Sydney FC are the outliers. While they have arguably the best academy system in the country, their problem has always been properly integrating graduates from it into their first team. Most painfully, two of City’s standouts, Tilio and right-back Callum Talbot, are former Sydney products who were stuck behind established stars in their home town and had to move interstate to get a proper taste of senior football. When they do move on, it’ll be City, not them, pocketing the proceeds from the transfer market.
THE LOWDOWN: Sydney FC vs Melbourne City
A-League Men semi-final first leg
Friday, May 12, Allianz Stadium, 7.45pm
TV live on Network 10 and Paramount+
Sydney FC (4-3-3): Redmayne; Grant, Rodwell, Wilkinson, King; Brattan, Caceres, Retre; Mak, Le Fondre, Burgess.
Melbourne City (4-3-3): Glover; Talbot, Reis, Good, Bos; Berenguer, O’Neill, van der Venne; Leckie, Maclaren, Tilio.
THREE BURNING QUESTIONS
Have Sydney FC played their grand final already? A one-off hitout against your crosstown rivals is one thing. But two legs against the A-League’s most dominant team of the last few years is something else entirely. Sydney’s team of old warhorses know exactly what it takes to win finals matches, but it remains to be seen if their shock upset of the Wanderers was one final salvo from their decorated veterans, or just the start of a serious post-season assault. The signs will be evident pretty early once they’re confronted with City’s quick tempo and pressing.

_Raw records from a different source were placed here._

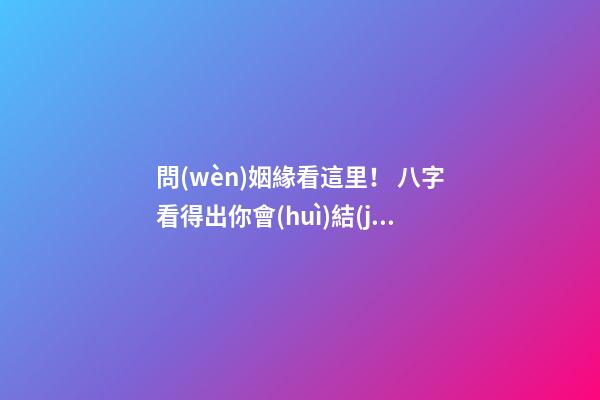 問(wèn)姻緣看這里！ 八字看得出你會(huì)結(jié)幾次婚
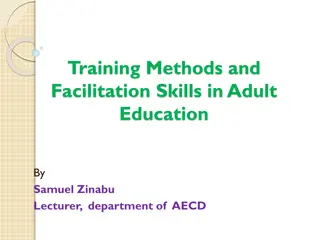 Training Methods and Facilitation Skills in Adult Education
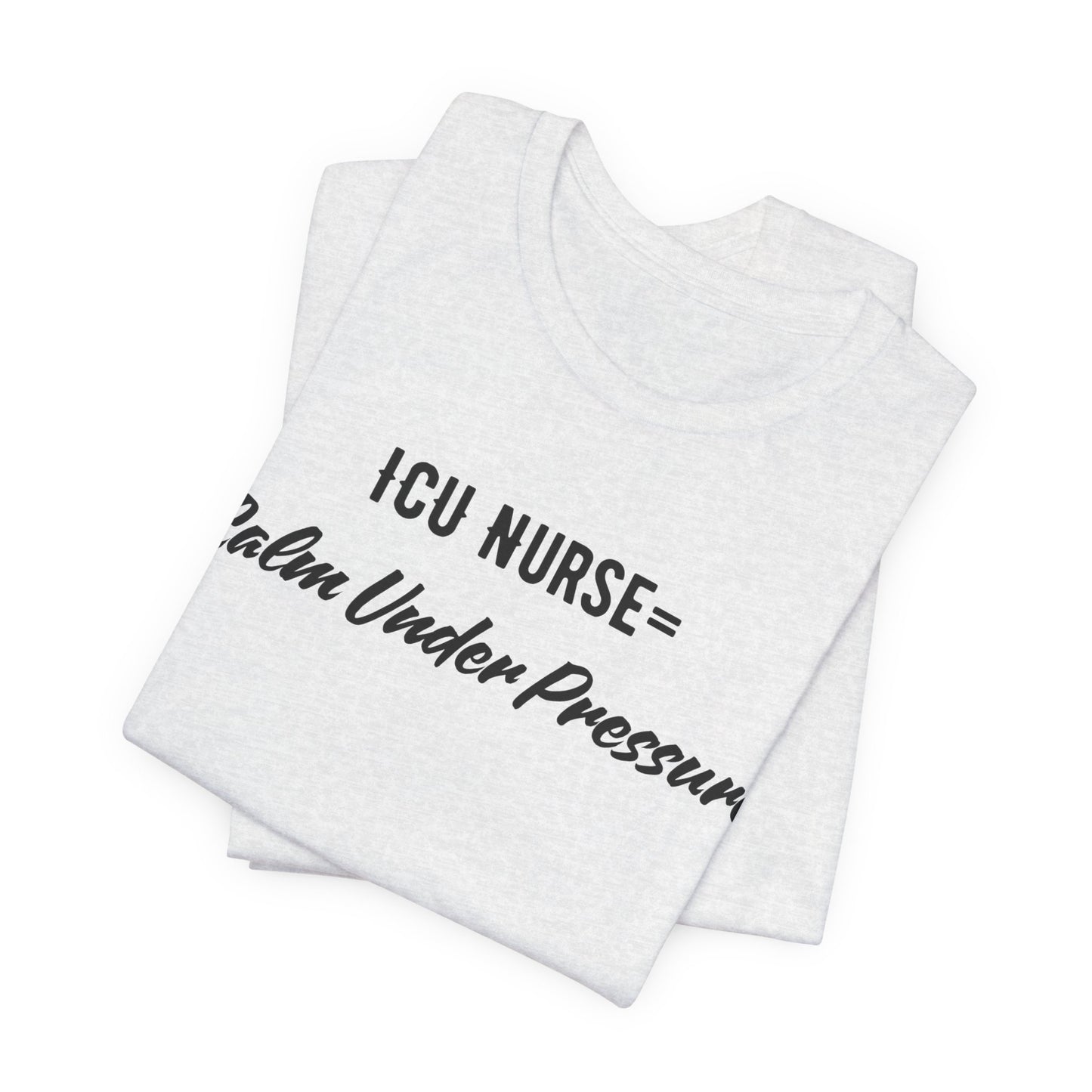ICU Nurse Tee close-up of “Calm Under Pressure” design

Will familiar faces come back to haunt their old club? It will probably go down as one of the great squad management errors of the A-League era. How on earth did Sydney FC let Marco Tilio go? The Hurstville lad is one of the Socceroos’ biggest hopes, and showed exactly what he can do with a mazy run and goal in their last regular-season match, which – and this is not hyperbole – even Lionel Messi would have been proud of. He returns to Sydney with a point to prove, and it’ll probably be the last time he plays his old team given a move to Europe is in the offing.

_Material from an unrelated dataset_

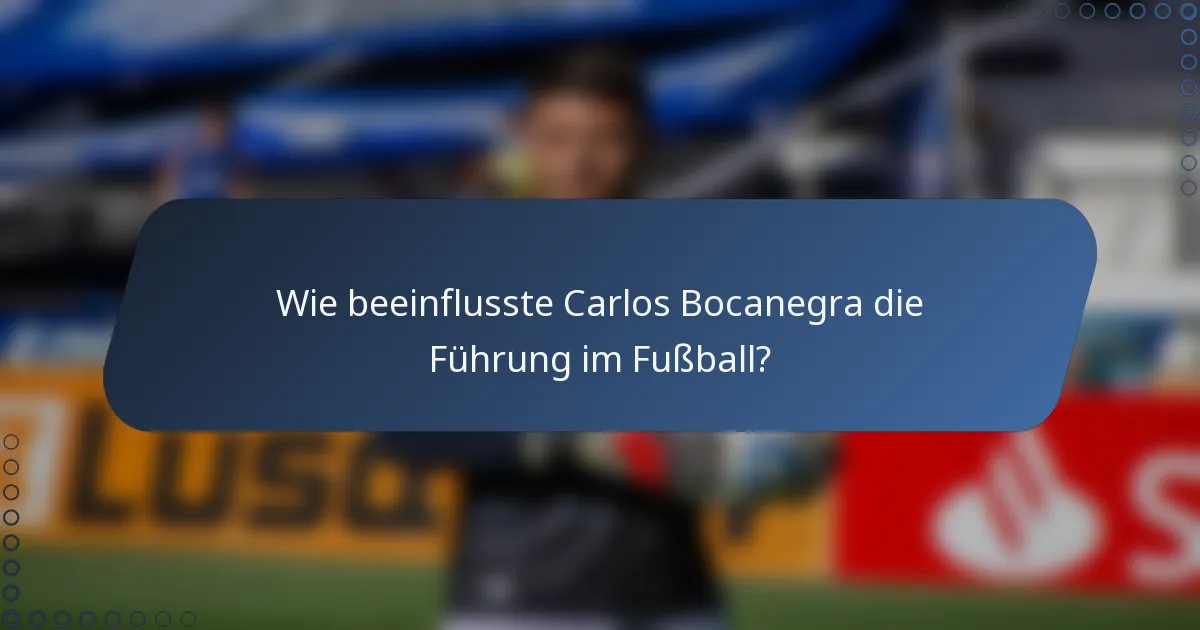 Wie beeinflusste Carlos Bocanegra die Führung im Fußball?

Will Mathew Leckie start? The man who scored that goal against Denmark at the World Cup missed a big chunk of the A-League season with a hamstring injury but returned for City’s last two matches of the home-and-away campaign, coming off the bench for brief cameos. The week off, which City earned by finishing top of the ladder, has surely helped his fitness cause. At his best, he is one of the competition’s very best players, so City will be desperately hoping he can help them from the beginning of this encounter.
IN THE DUGOUT
Steve Corica (Sydney FC) – What a turnaround. Last week’s Sydney derby was one of the finest moments of Corica’s coaching career, dominating the second half to stun the Wanderers and turn a one-goal deficit into a 2-1 win, keeping their title dreams alive. His subs were spot on, his faith in notoriously injury-prone Jack Rodwell finally paid off, and obviously his half-time address resonated with his players, who produced 45 sizzling minutes. Is there more where that came from?

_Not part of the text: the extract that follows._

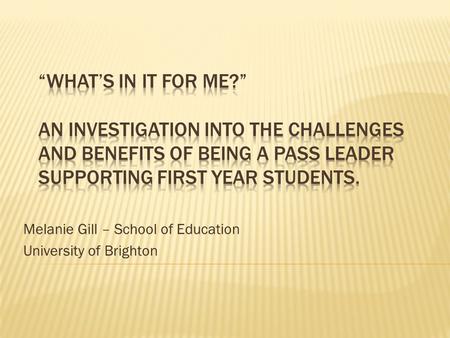 Melanie Gill – School of Education University of Brighton.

Rado Vidosic (Melbourne City) – A stalwart of the Australian soccer team and one-time assistant to Ange Postecoglou during the peak ‘Roarcelona’ years, he took over mid-season when Patrick Kisnorbo joined French club ESTAC Troyes, becoming the first Aussie to coach in one of Europe’s top five leagues. Vidosic hasn’t needed to change much, and despite the occasional wobble since assuming the top job, City come into the finals unbeaten in their last eight games, and with wins over all remaining finals teams under their belt.